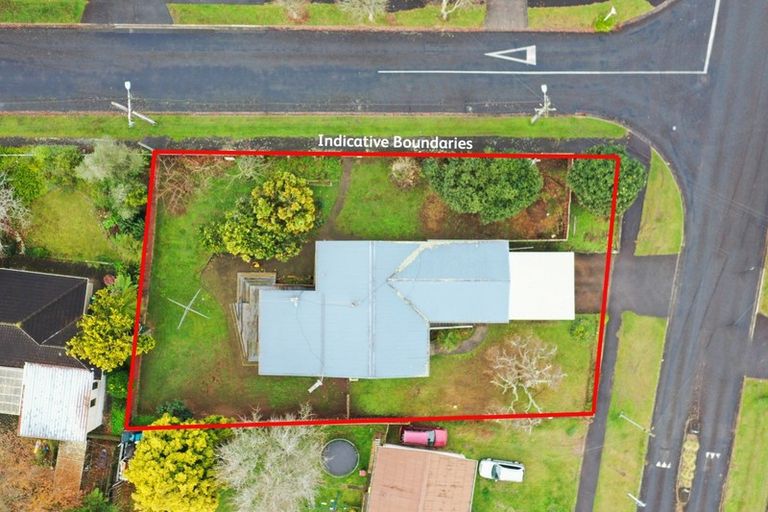 Photo of property in 1 Ross View Terrace, Dinsdale, Hamilton, 3204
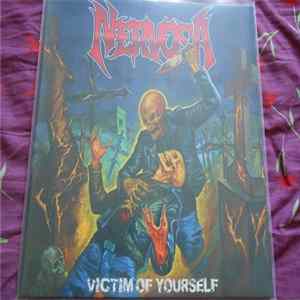 Download Nervosa - Victim Of Yourself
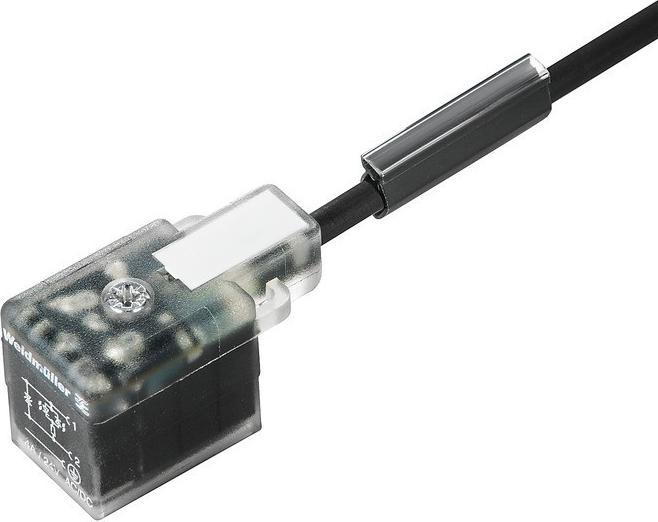 Actual product image Weidmüller Valve connector SAIL-VSBD-1.5U I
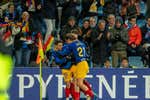 Twitter 'censura' la contradicción del 'Ganátelo en el campo' contra la Superliga del Andorra de Piqué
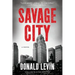 Savage City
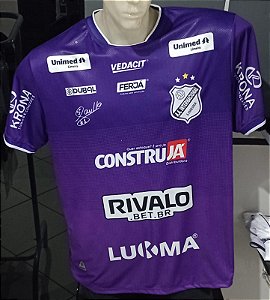 Camisa Goleiro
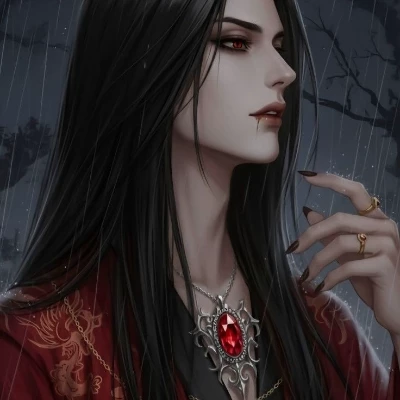 Nyxar Voltaire thumbnail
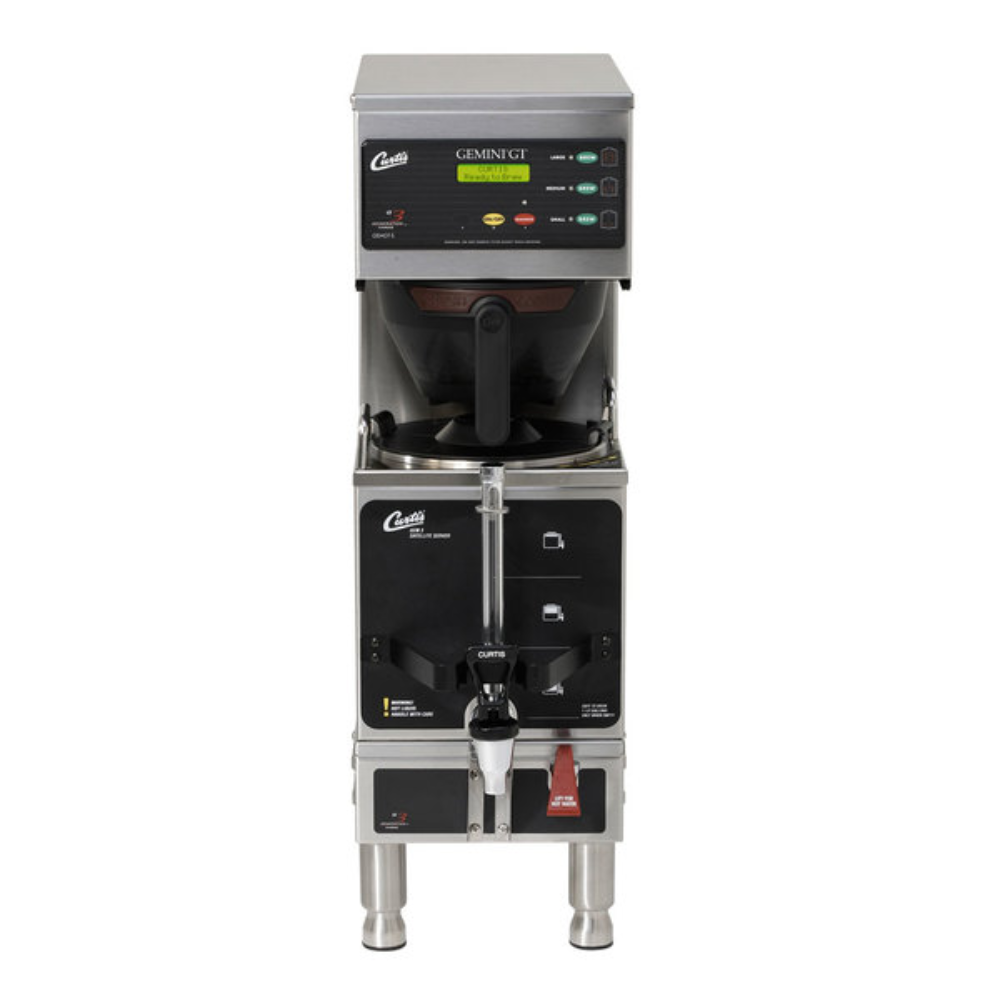 Wholesale Curtis Case Single Coffe Brewer G3- Bulk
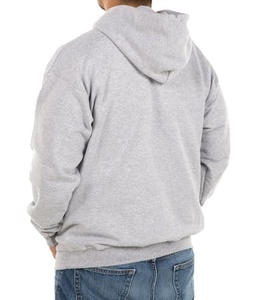 Sudadera con capucha para hombre y mujer, con logotipo personalizado, unisex, OEM - Product Image 4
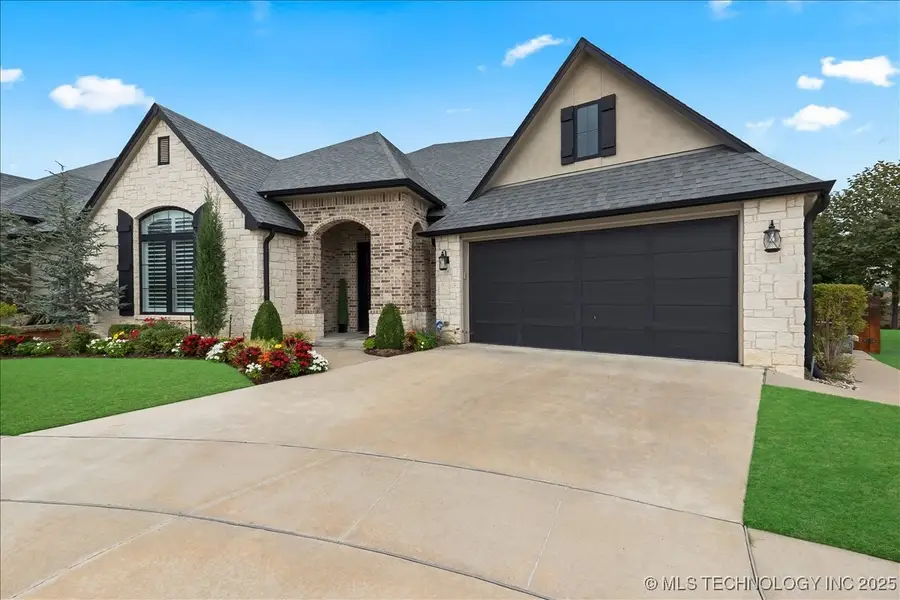 1105 W 84th Street, Tulsa, OK 74132 - Image #3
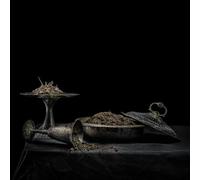 all we have is never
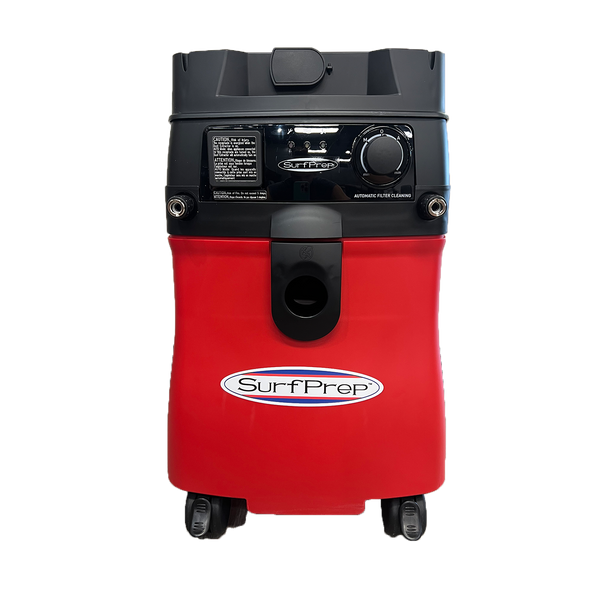 PIV-12 Dust Extractor
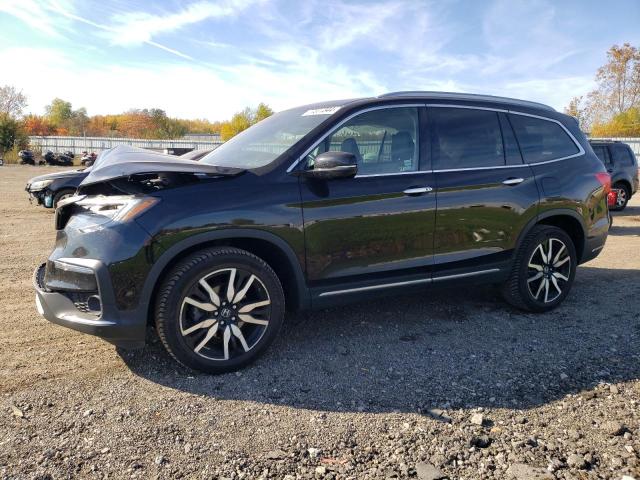 2021 HONDA PILOT ELIT - 5FNYF6H08MB007603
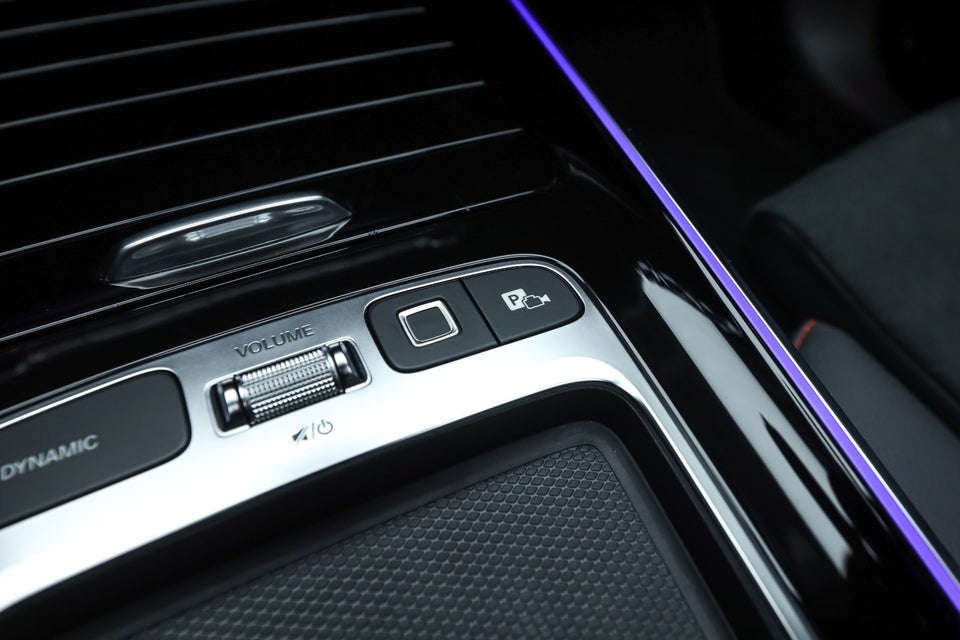 Mercedes EQA250+ AMG Premium 5d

-.-.-

YOUR INSTRUCTIONS: Nothing but the lines from the line containing "Download Nervosa - Victim Of Yourself" through the end of the records belongs in the answer, written out exactly, both ends included, without pictures.

ANSWER SECTION:
 Download Nervosa - Victim Of Yourself
 Actual product image Weidmüller Valve connector SAIL-VSBD-1.5U I
 Twitter 'censura' la contradicción del 'Ganátelo en el campo' contra la Superliga del Andorra de Piqué
 Savage City
 Camisa Goleiro
 Nyxar Voltaire thumbnail
 Wholesale Curtis Case Single Coffe Brewer G3- Bulk
 Sudadera con capucha para hombre y mujer, con logotipo personalizado, unisex, OEM - Product Image 4
 1105 W 84th Street, Tulsa, OK 74132 - Image #3
 all we have is never
 PIV-12 Dust Extractor
 2021 HONDA PILOT ELIT - 5FNYF6H08MB007603
 Mercedes EQA250+ AMG Premium 5d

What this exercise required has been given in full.